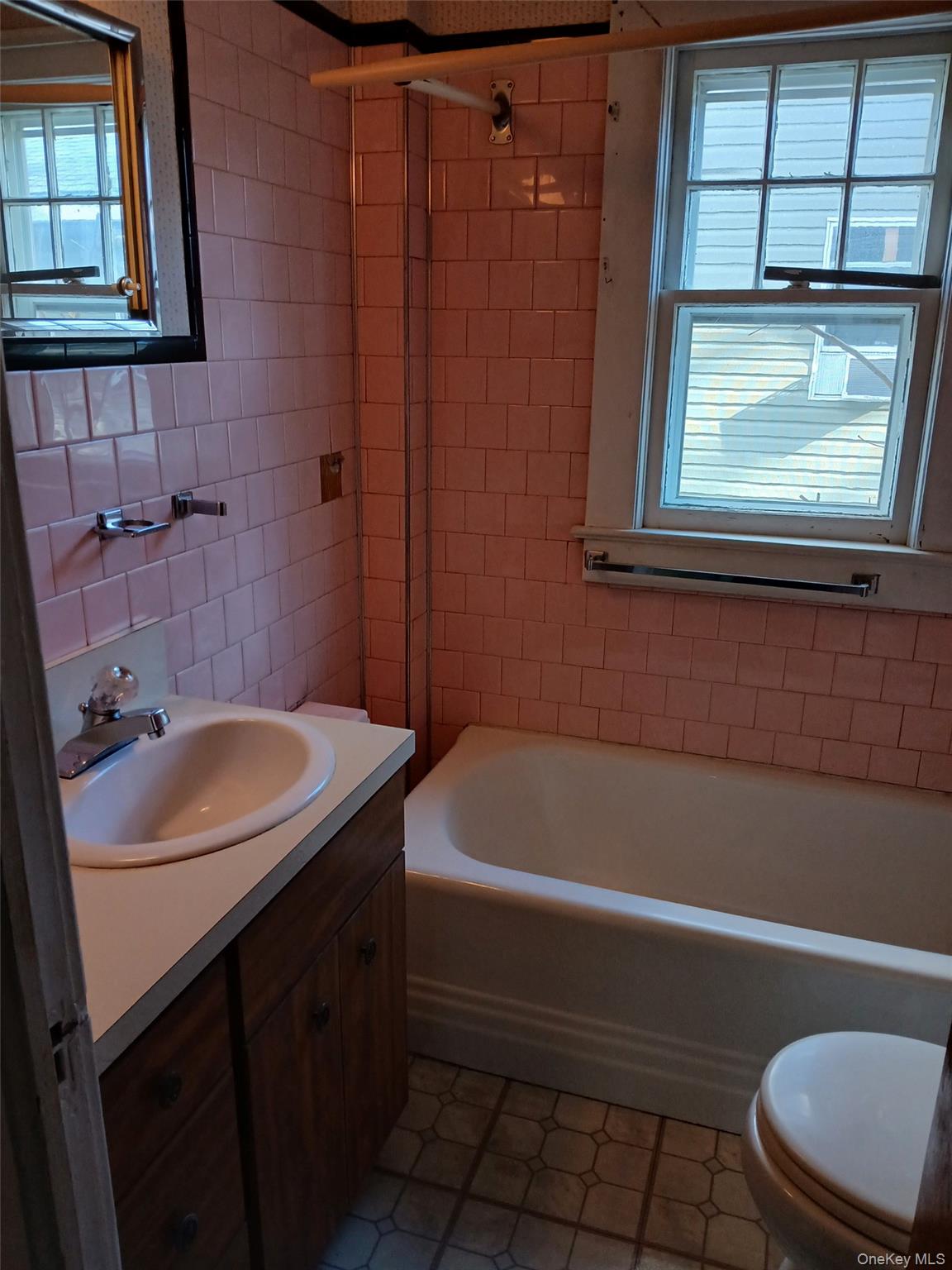 8 Woodburn Street Property Photo 19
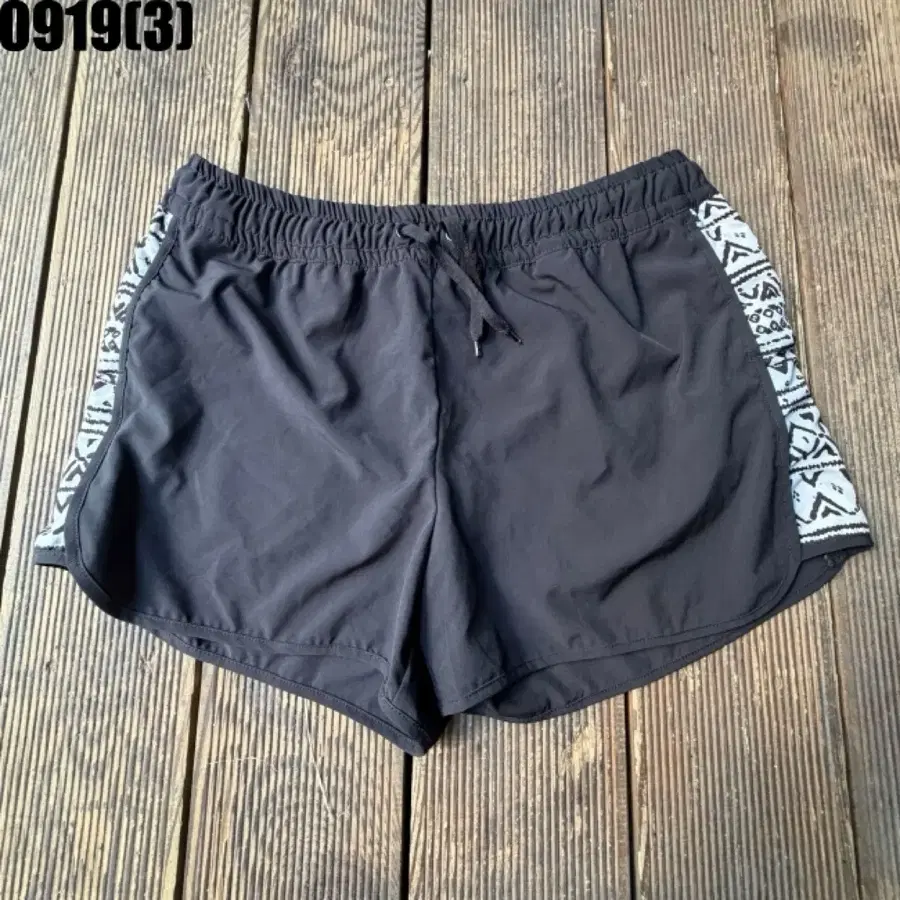 검정색 패턴 반바지 79 0919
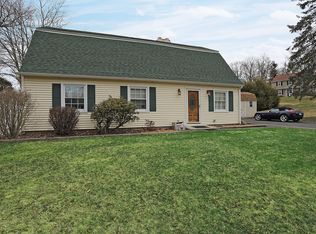 23 Grove Pl, Danbury, CT 06810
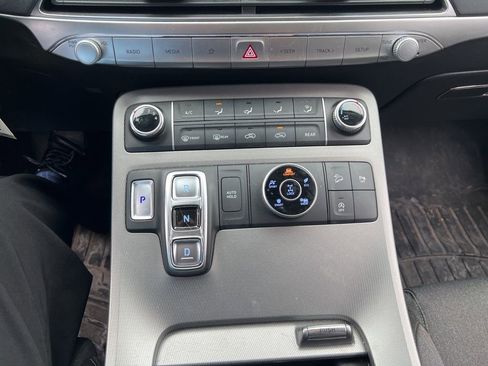 Used 2021 Hyundai Palisade SE AWD/4WD image 29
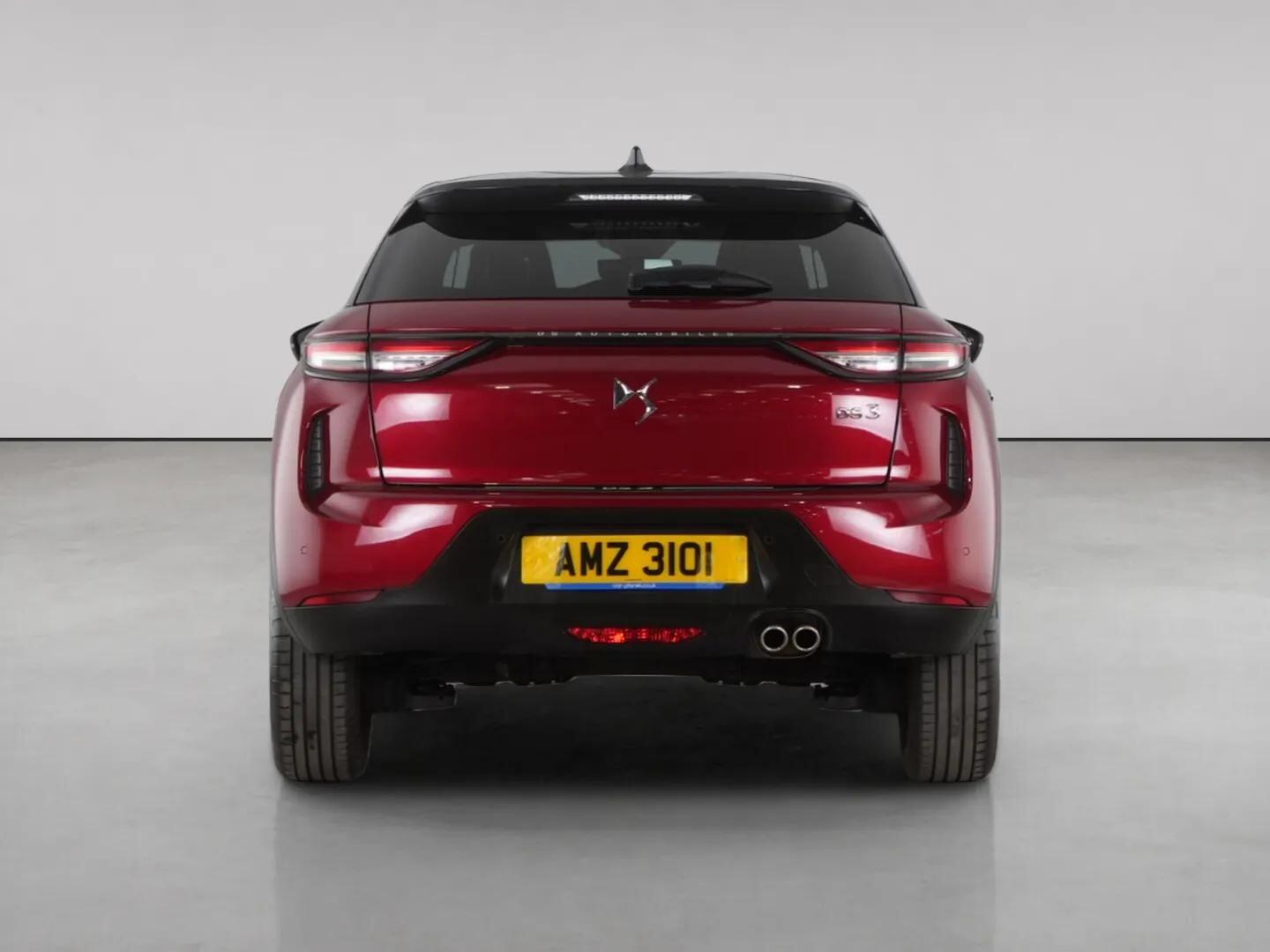 DS Automobiles DS 3 view 7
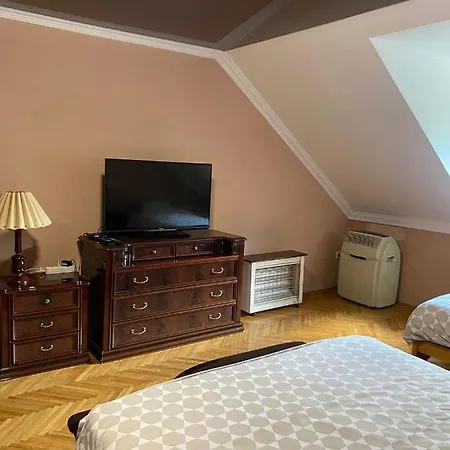 Guest house Relax And Pool Novi Sad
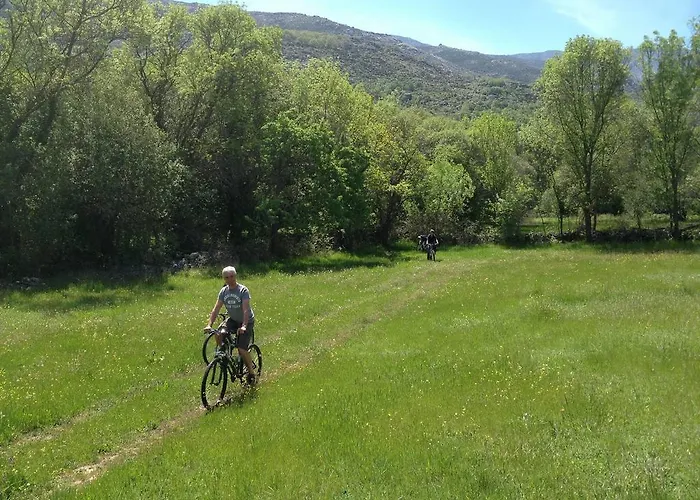 El Hotelito Навалуэнга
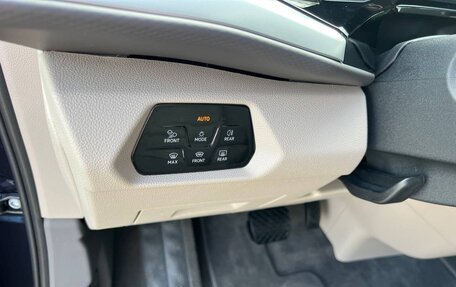 Volkswagen Multivan, 2023 год, 6 549 990 рублей, 13 фотография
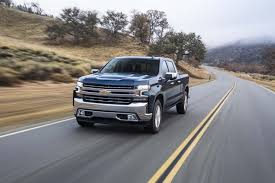 The silverado wt (or work truck) is sparsely equipped with manual windows and door locks, vinyl seats, an am/fm radio, air conditioning, and a manual transfer case (4wd models only). New And Used Chevrolet Silverado 1500 Chevy Prices Photos Reviews Specs The Car Connection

▸ **Try it**
What is needed is an exact copy of the lines from the start of the records through the line containing "Volkswagen Multivan, 2023", with no pictures.

▸ **Your solution**
 8 Woodburn Street Property Photo 19
 검정색 패턴 반바지 79 0919
 23 Grove Pl, Danbury, CT 06810
 Used 2021 Hyundai Palisade SE AWD/4WD image 29
 DS Automobiles DS 3 view 7
 Guest house Relax And Pool Novi Sad
 El Hotelito Навалуэнга
 Volkswagen Multivan, 2023 год, 6 549 990 рублей, 13 фотография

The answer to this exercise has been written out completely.